* Ice worrisome for transportation and winter wheat
* Most of Plains wheat region protected by snow
* Temperature forecasts not as low as previous
CHICAGO, Dec 6 (Reuters) - Cold temperatures, snow and ice forecast for portions of the U.S. Plains and southern Midwest into the weekend threaten some winter wheat and livestock but the biggest issue could be logistical snarls, meteorologists said on Friday.
"The only issues I see are disruption of transportation where snow and ice is falling, that would be my main concern," said John Dee, meteorologist for Global Weather Monitoring.
A mixture of rain, sleet, ice and snow fell across the southern Plains including Texas and extended into the northern U.S. Delta and southeast Midwest overnight on Thursday.

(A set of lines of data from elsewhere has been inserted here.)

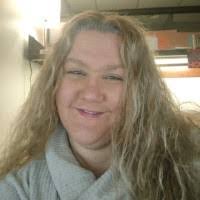 Lori Roop's Instagram, Twitter & Facebook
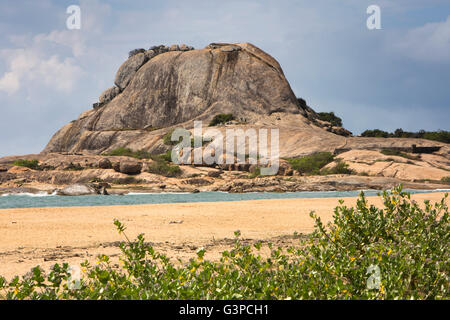 Sri Lanka, Yala National Park, Palatupana beach, landmark roccioso promontorio Foto Stock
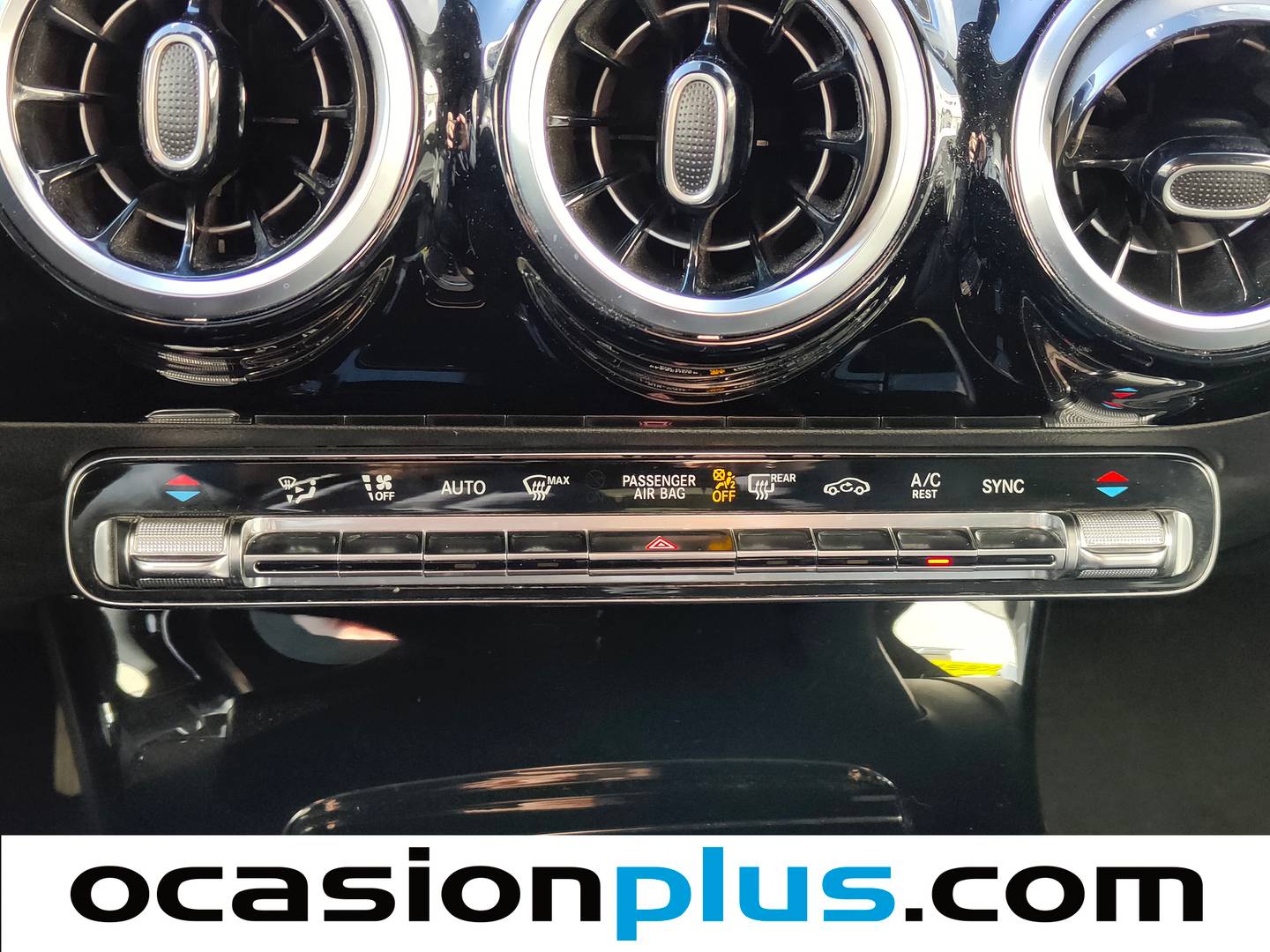 Foto Mercedes CLA Mercedes-Benz CLA CLA 180 (136 CV)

"The ice cover is likely to be up to one inch or more and remain long enough in the northern Delta to lead to some damage to 15 percent of the soft red winter wheat belt," said Joel Widenor, meteorologist for Commodity Weather Group.
Over 225,000 homes and businesses in the Texas and other U.S. South Central states had no electricity Friday morning following severe ice storms starting Thursday night, according to local power companies.
Widenor said wet weather in the southern Midwest over the next two weeks could also lead to excess moisture and damage to the wheat crop from standing water.
Dee said Friday's forecasts indicated temperatures would not be as cold as previous outlooks with readings remaining above zero (degrees Fahrenheit) in the southern plains. "I don't think there will be a serious issue of winterkill," he said.
Some of the hard red winter wheat crop in northwest Kansas and southwest Nebraska may be harmed by the cold snap due to a lack of insulating snow, agricultural meteorologists said.
The abrupt change in temperatures this week from roughly 60 F to near zero F in the Plains states and Midwest led to concerns about stress to livestock but Dee said the lack of wet weather with the cold temperatures would diminish the harm to exposed animals. "There wasn't a lot of precipitation with it so for the most part stress to livestock should be minimal," he said.
Dee and Widenor said most of the Plains winter wheat crop was insulated by blanket of snow which will prevent serious winterkill damage.
"Well below normal temperatures in the next 10 days should only produce readings below zero F in areas with snow cover," Widenor said.